**Work item**: Copy all the entries below exactly, but not the pictures.
---- Data supplied
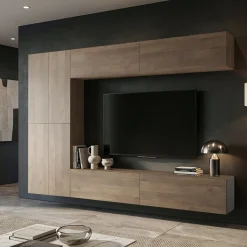 Parete Attrezzata Marrone Noce Modulabile 8 Ripiani, 8 Ante - Gatira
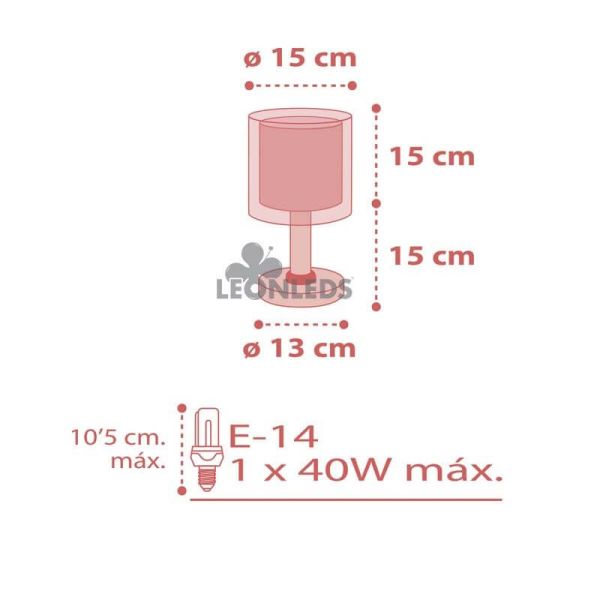 Dimensiones  lámpara de mesa infantil Rosa Dots Dalber 41001S | LeonLeds Iluminación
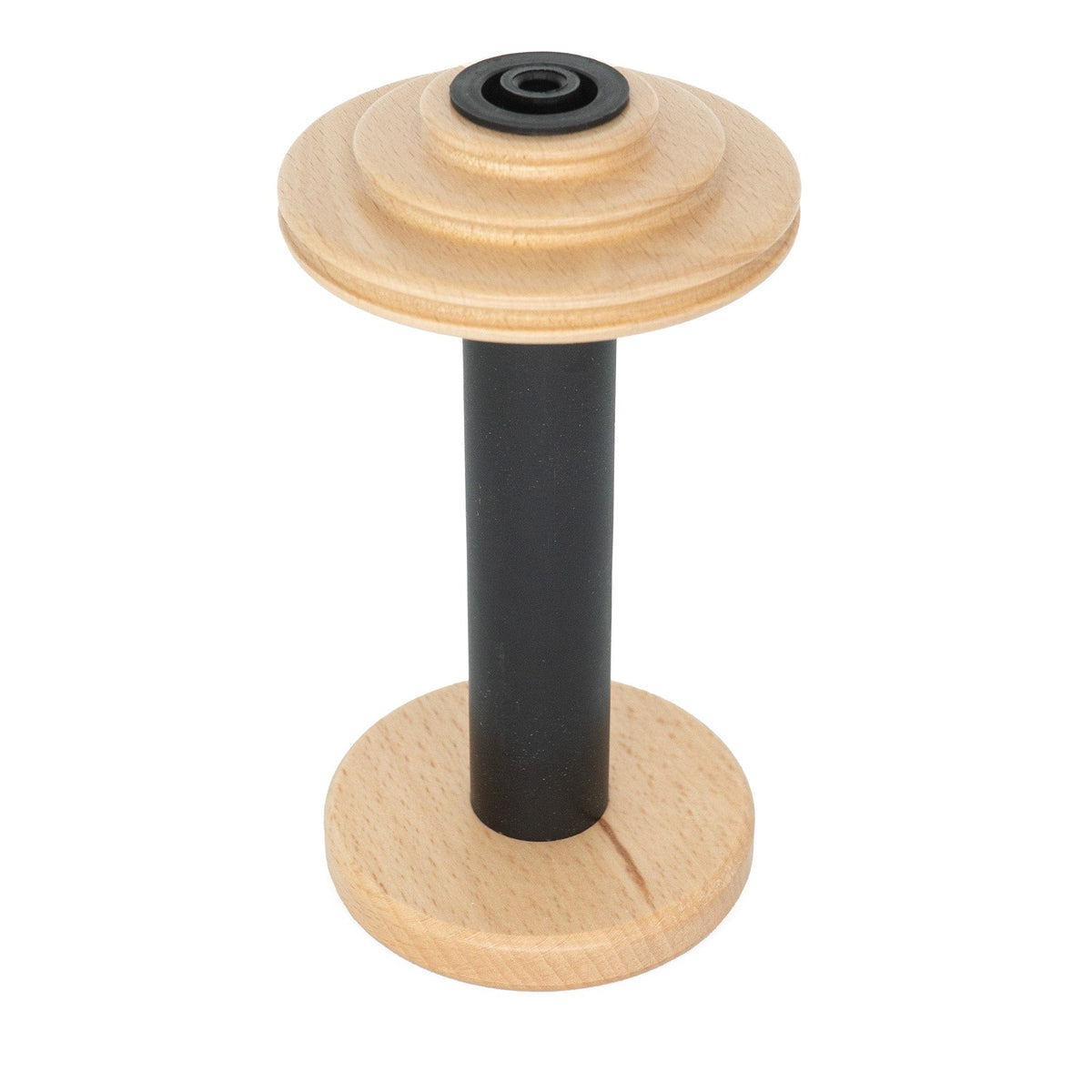 The Louët Standard Bobbin by Louet Inc. features a black cylindrical center with round wooden bases, ideal for holding thread or yarn. Its wider top and bottom enhance stability for storage or weaving tasks.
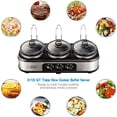 thumbnail image 5 of Heynemo Triple Slow Cooker 3x1.5 QT Stainless Steel Buffet Server, 5 of 5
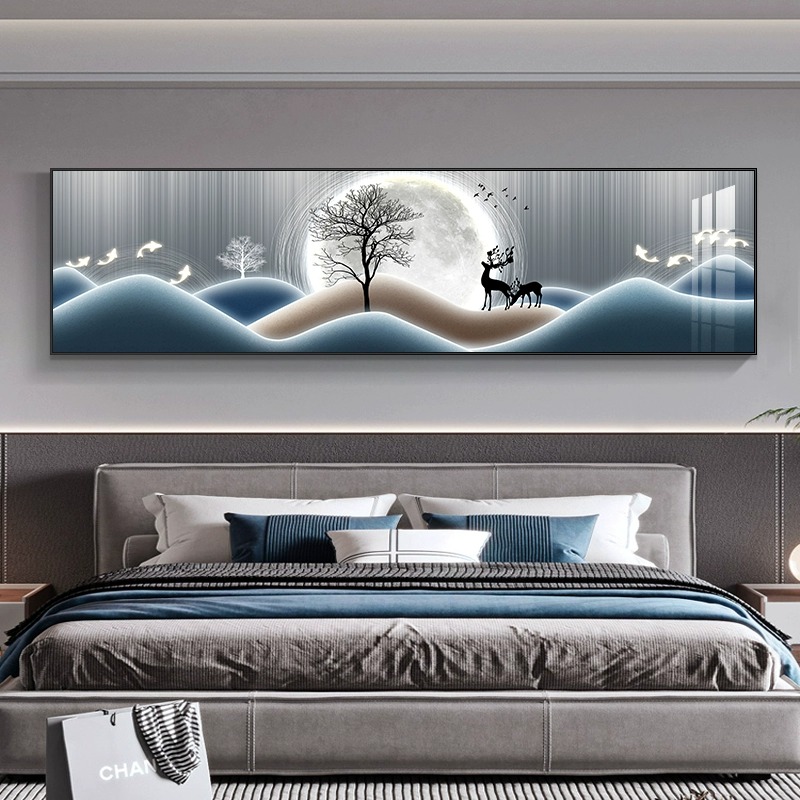 卧室装饰画床头挂画温馨福鹿客厅主卧墙画现代简约房间背景墙壁画图片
--------
**Answer area**:
 Parete Attrezzata Marrone Noce Modulabile 8 Ripiani, 8 Ante - Gatira
 Dimensiones  lámpara de mesa infantil Rosa Dots Dalber 41001S | LeonLeds Iluminación
 The Louët Standard Bobbin by Louet Inc. features a black cylindrical center with round wooden bases, ideal for holding thread or yarn. Its wider top and bottom enhance stability for storage or weaving tasks.
 thumbnail image 5 of Heynemo Triple Slow Cooker 3x1.5 QT Stainless Steel Buffet Server, 5 of 5
 卧室装饰画床头挂画温馨福鹿客厅主卧墙画现代简约房间背景墙壁画图片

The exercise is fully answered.